DESCRIPTION OF THE TASK: Everything in the entries except the pictures must be repeated exactly.

DATA RECORDS:

>>>>

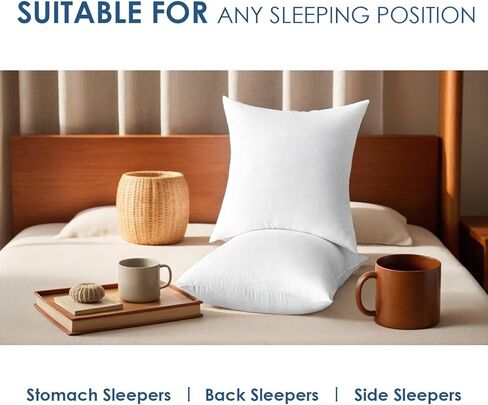 Two Sets of 20 inch White Pillow cores, Filled with Selected high Elasticity Polyester fibers, Providing a Soft Touch and Long-Lasting Support. in Kuwait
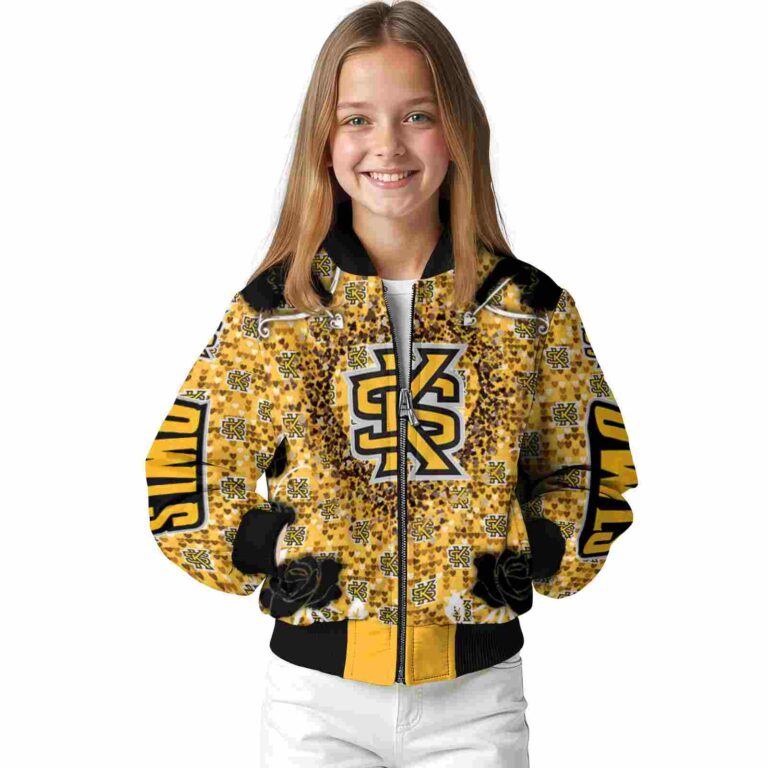 customized kennesaw state owls heart explosion gold jacket top rated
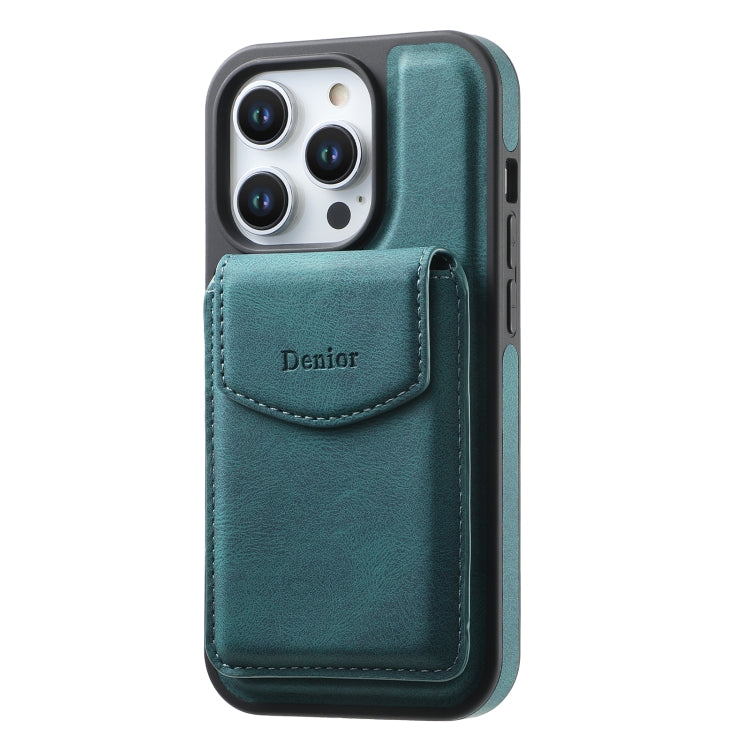 For iPhone 16 Denior D19 Skin Feel MagSafe Detachable Card Slot Phone Case(Blue) - iPhone 16 Cases by Denior | Online Shopping UK | buy2fix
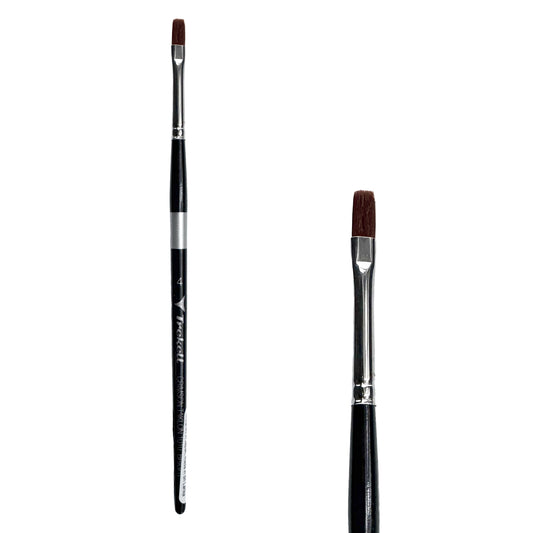 Trekell Crimson Taklon #4 Bright Brush - Short Handle, with short, straight-edged flat bristles.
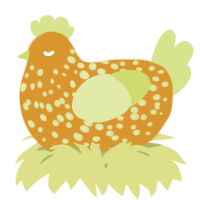 A orange and lemon chicken with a speckle pattern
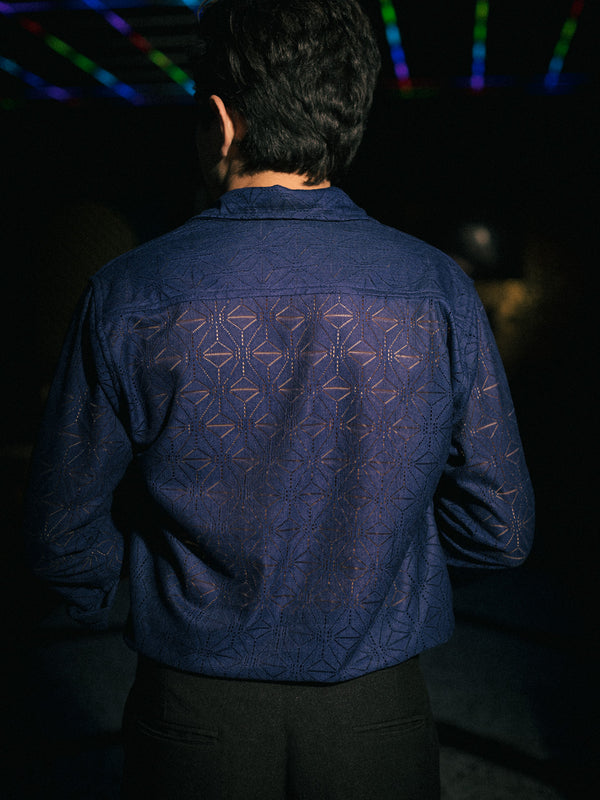 Navy Blue Admiral Recycled Crochet Knitted Resort Shirt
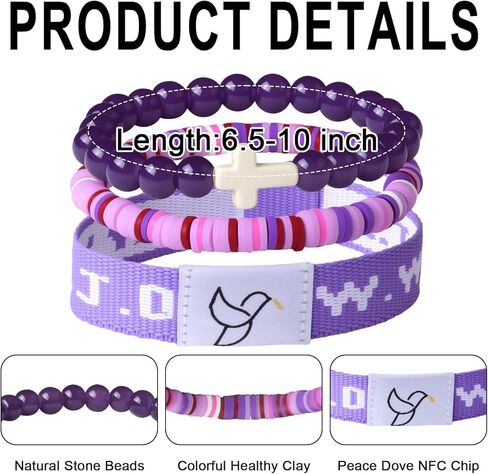 Yuzhejie Daily Bible Bible Breclets مع مسح أساور WWJD المسيحية عبر سوار يسوع هدايا الكتاب المقدس للنساء الرجال in Kuwait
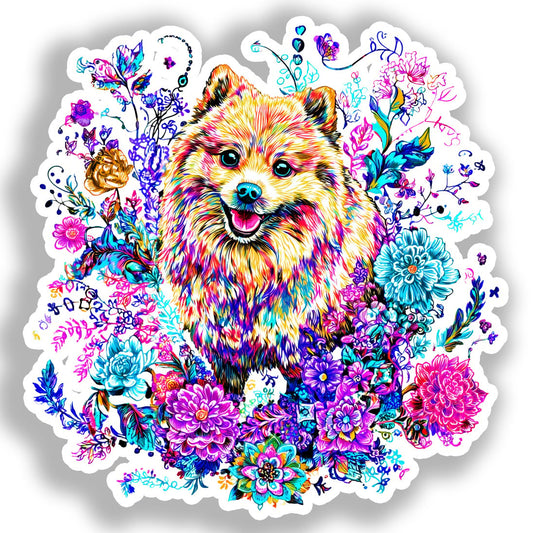 Pomeranian Dog Vinyl Decal Sticker for Car, Laptop, Tumbler and more # A017361-4" x 4"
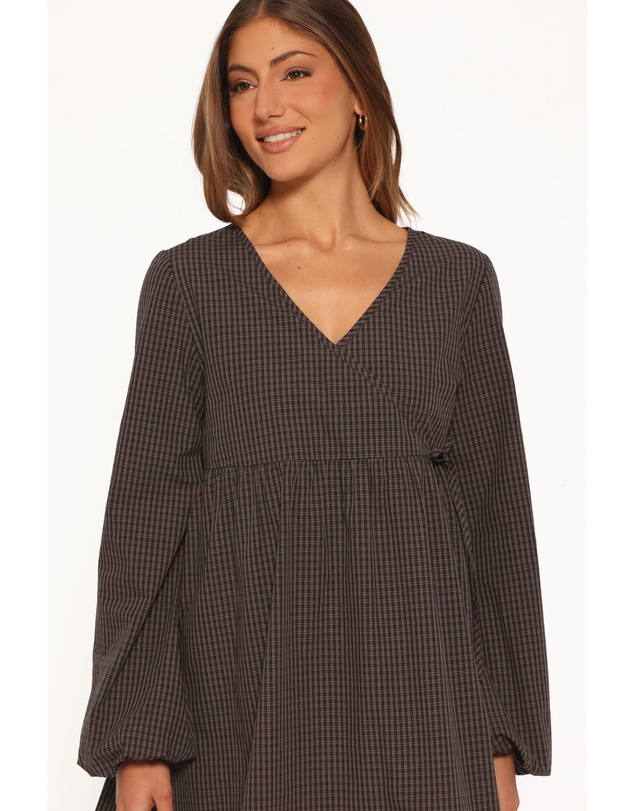 Petal & Pup - Saraya Long Sleeve Mini Dress - Black Gingham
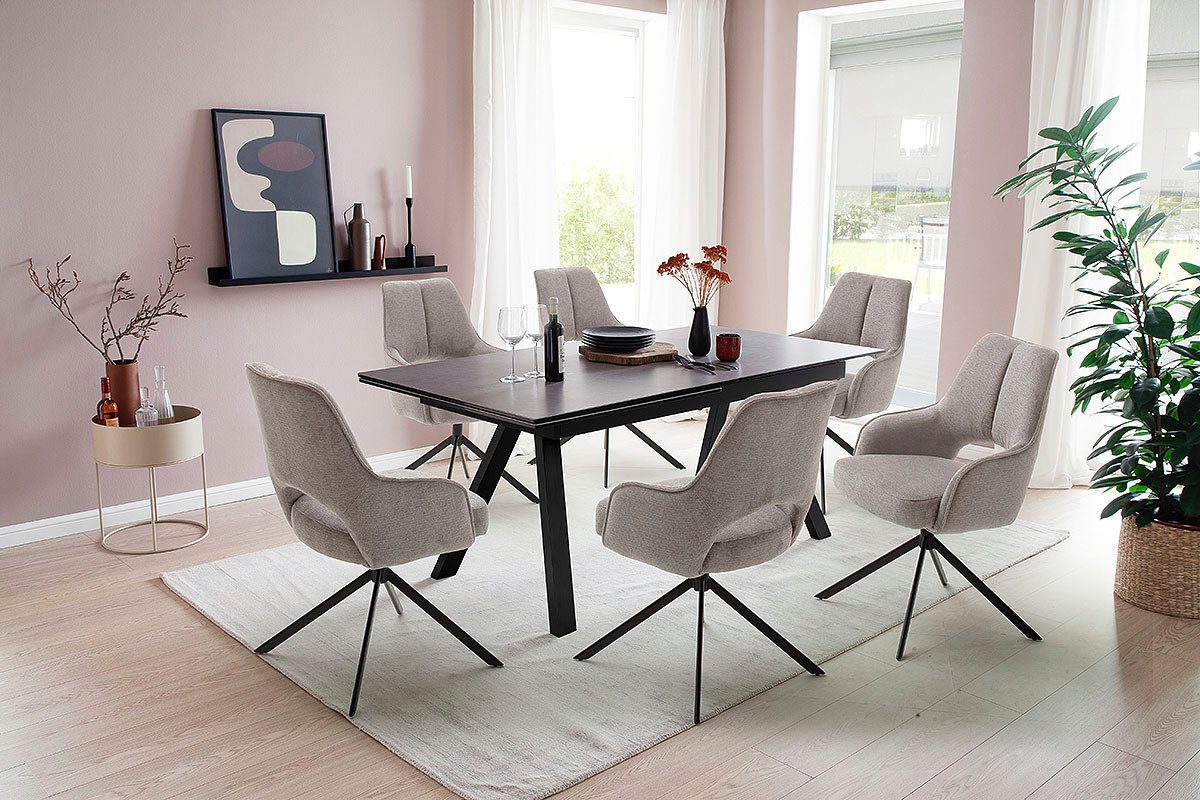 MCA furniture Eettafel TOBAGO uitschuiftafel 180-260 cm Keramiek, metaal, uitschuifbaar, tafelblad 13 mm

<<<<

TASK RESPONSE:
 Two Sets of 20 inch White Pillow cores, Filled with Selected high Elasticity Polyester fibers, Providing a Soft Touch and Long-Lasting Support. in Kuwait
 customized kennesaw state owls heart explosion gold jacket top rated
 For iPhone 16 Denior D19 Skin Feel MagSafe Detachable Card Slot Phone Case(Blue) - iPhone 16 Cases by Denior | Online Shopping UK | buy2fix
 Trekell Crimson Taklon #4 Bright Brush - Short Handle, with short, straight-edged flat bristles.
 A orange and lemon chicken with a speckle pattern
 Navy Blue Admiral Recycled Crochet Knitted Resort Shirt
 Yuzhejie Daily Bible Bible Breclets مع مسح أساور WWJD المسيحية عبر سوار يسوع هدايا الكتاب المقدس للنساء الرجال in Kuwait
 Pomeranian Dog Vinyl Decal Sticker for Car, Laptop, Tumbler and more # A017361-4" x 4"
 Petal & Pup - Saraya Long Sleeve Mini Dress - Black Gingham
 MCA furniture Eettafel TOBAGO uitschuiftafel 180-260 cm Keramiek, metaal, uitschuifbaar, tafelblad 13 mm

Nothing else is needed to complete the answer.